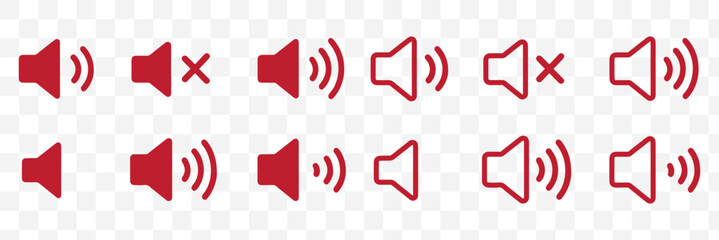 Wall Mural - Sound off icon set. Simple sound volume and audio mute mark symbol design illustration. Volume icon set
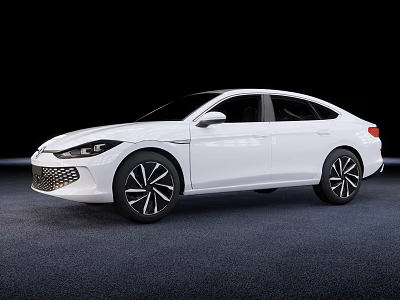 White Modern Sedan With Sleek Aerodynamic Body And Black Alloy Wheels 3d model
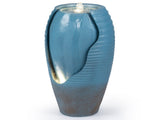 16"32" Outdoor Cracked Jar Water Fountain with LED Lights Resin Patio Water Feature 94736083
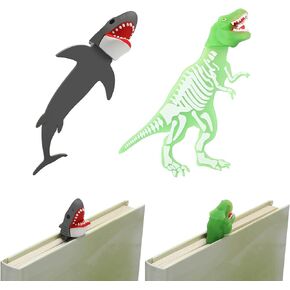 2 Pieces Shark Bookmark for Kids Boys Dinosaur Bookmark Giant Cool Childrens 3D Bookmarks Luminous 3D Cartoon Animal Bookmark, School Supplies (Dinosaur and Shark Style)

——

§ Exercise prompt: Every line in the data above needs to be given again exactly, pictures aside.

§ Task response:
 Wall Mural - Sound off icon set. Simple sound volume and audio mute mark symbol design illustration. Volume icon set
 White Modern Sedan With Sleek Aerodynamic Body And Black Alloy Wheels 3d model
 16"32" Outdoor Cracked Jar Water Fountain with LED Lights Resin Patio Water Feature 94736083
 2 Pieces Shark Bookmark for Kids Boys Dinosaur Bookmark Giant Cool Childrens 3D Bookmarks Luminous 3D Cartoon Animal Bookmark, School Supplies (Dinosaur and Shark Style)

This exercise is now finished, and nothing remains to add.